The bill, which awaits President Barack Obama's signature, would give Pakistan $1.5 billion annually over the next five years for democratic, economic and social development programs. It also allows "such sums as are necessary" for military aid.

The U.S. says the bill is aimed at alleviating poverty here and lessening the allure of Islamist militant groups in a country seen as crucial to the American fight against the Taliban and al-Qaida in neighboring Afghanistan.

Opposition leaders planned to air their concerns about the aid package in Parliament later Wednesday, but political officials issued statements about it throughout the day.

Critics complain the bill could authorize the U.S. to broaden airstrikes in the country and interfere in Pakistan's nuclear program.

"The tone and tenor of the bill in terms of conditionalities is not just intrusive, it's also overbearing and bordering on the humiliation of Pakistan," said Mushahid Hussain, a leader of the Pakistan Muslim League-Q. "We are not being treated kindly."

The dispute highlighted Pakistani angst about America's growing presence in the country. The criticism seems unlikely to derail the aid program, but it has stung the pro-Western Pakistani government, which has directed ruling party members to defend the aid package.

The bill "has been greatly misunderstood in Pakistan by some sectors, and I also believe that certain opposition groups have deliberately misquoted and distorted the facts of the bill to achieve certain political ends," said Farahnaz Ispahani, a top aide to President Asif Ali Zardari.

The debate comes as the army steps up preparations for a new offensive against militants in the South Waziristan tribal region, in what could be one of the most important operations against militants in Pakistan since 2001. South Waziristan is considered al-Qaida and the Taliban's major stronghold in the lawless northwest region bordering Afghanistan.

Maj.

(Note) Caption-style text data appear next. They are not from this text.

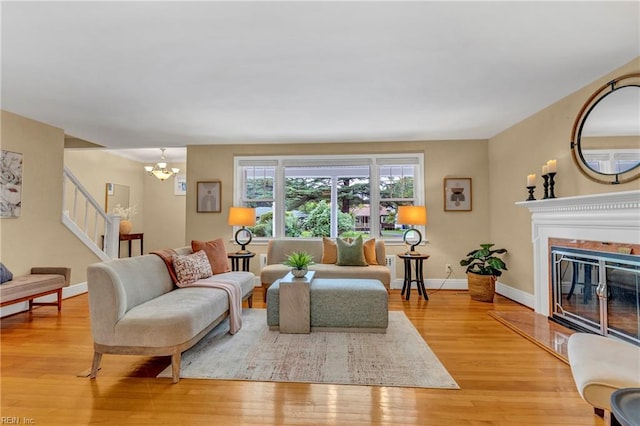 241 Sir Oliver Rd, Norfolk, VA 23505 - living area featuring light wood finished floors, stairway, a chandelier, and a premium fireplace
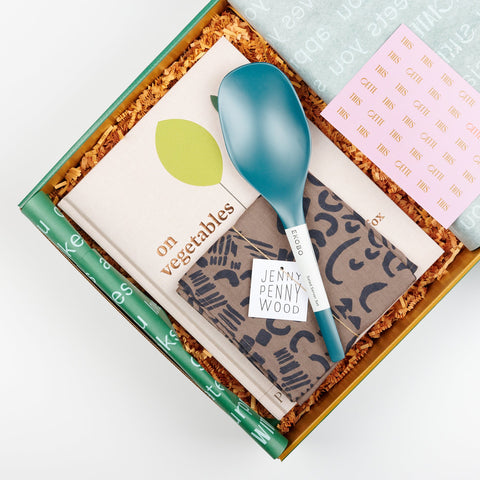 an open Cette Gift Box showing Blue Abyss EKOBO bamboo serving spoons, Phaidon Cookbook - On Vegetables by Jeremy Fox, and a Jenny Pennywood Everywhere Square in walnut and midnight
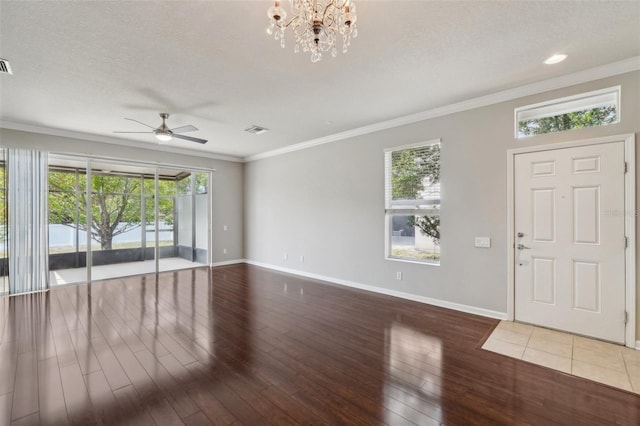 10124 Westpark Preserve Blvd, Tampa, FL 33625 - entryway featuring a ceiling fan, hardwood / wood-style floors, baseboards, healthy amount of natural light, and ornamental molding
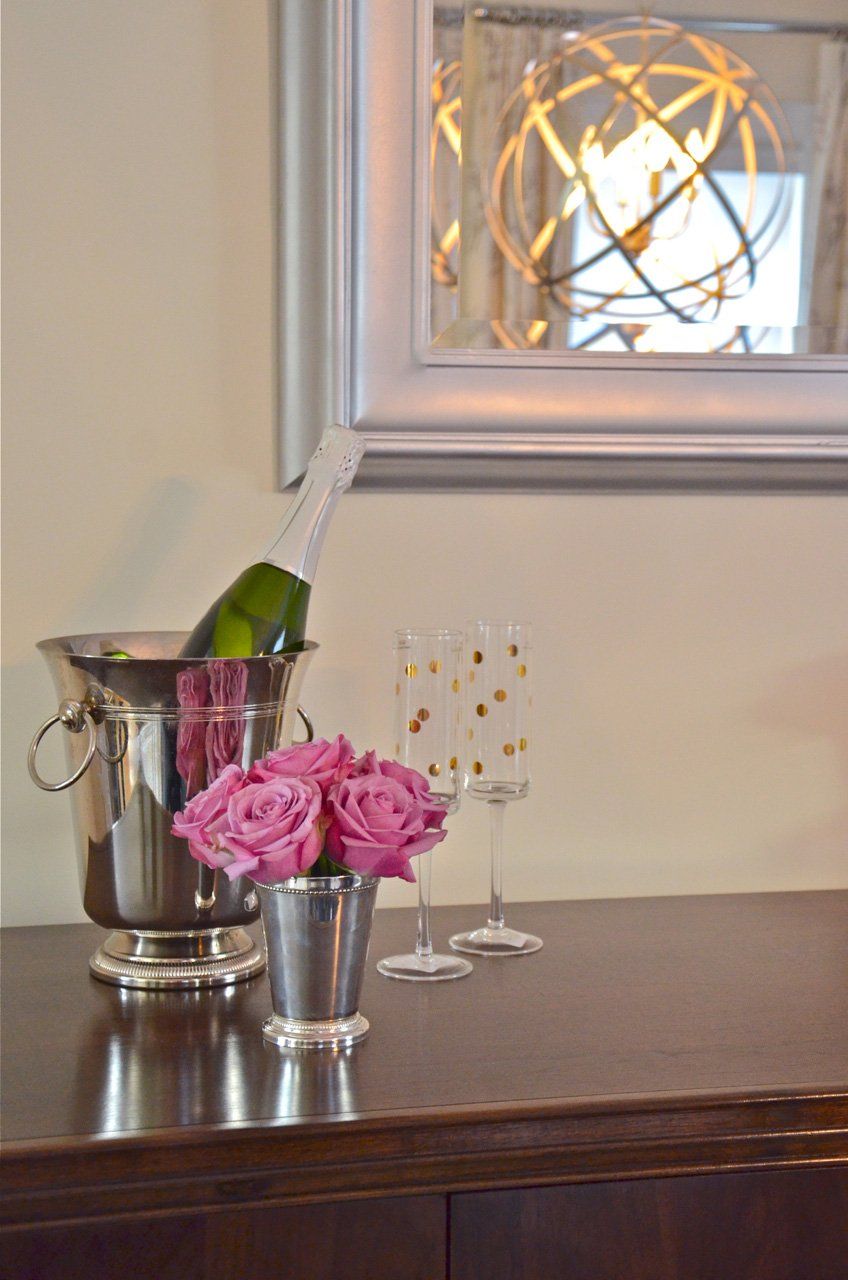 Champagne bottle in ice bucket, two flutes, and roses on a dark wood surface; mirror with light fixture in background.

Gen. Athar Abbas, the army's chief spokesman, did not give a start date for the offensive but the way he referred to the operation suggested a decision had been made to launch one.

"God willing, peace will again be restored in the area through a successful operation," he told the ARY news channel.

Abbas did not say what kind of operation may be in the works — a limited one relying mostly on air power or a fully fledged offensive with thousands of ground troops aimed at clearing, then holding the whole region. The army abandoned early offensives and signed peace deals with militants in Waziristan after they put up a fierce fight.

Moving forcefully into South Waziristan is likely to gain praise from the United States. U.S. officials have long pressed Pakistan to eliminate safe havens on its soil used by militants to plan attacks in Afghanistan.

An operation in South Waziristan will face steep challenges, ranging from harsh terrain to well dug-in militants.

Pakistan's military said months ago it was planning an operation aimed at eliminating Baitullah Mehsud, the Pakistani Taliban chief, in South Waziristan. But the U.S. killed Mehsud in a missile strike in August, and since then, there have been lingering questions over whether Pakistan would try to dismantle the rest of his network there.

Analysts say 10,000 well-armed militants, including foreign fighters, are in the region.

Abbas said the army had already tried to weaken the militants by surrounding them, blocking roads and targeting them through air strikes. The point was to weaken the militants before a full-scale offensive.

"As we all know, this group and this organization has fighters and they will offer a tough resistance in this area," Abbas said.

The United States and other Western nations have been heartened by the army's recent offensive against the Taliban in the Swat Valley, but questions remain over the country's overall commitment to the fight against militants it once nurtured for proxy wars in India and Afghanistan.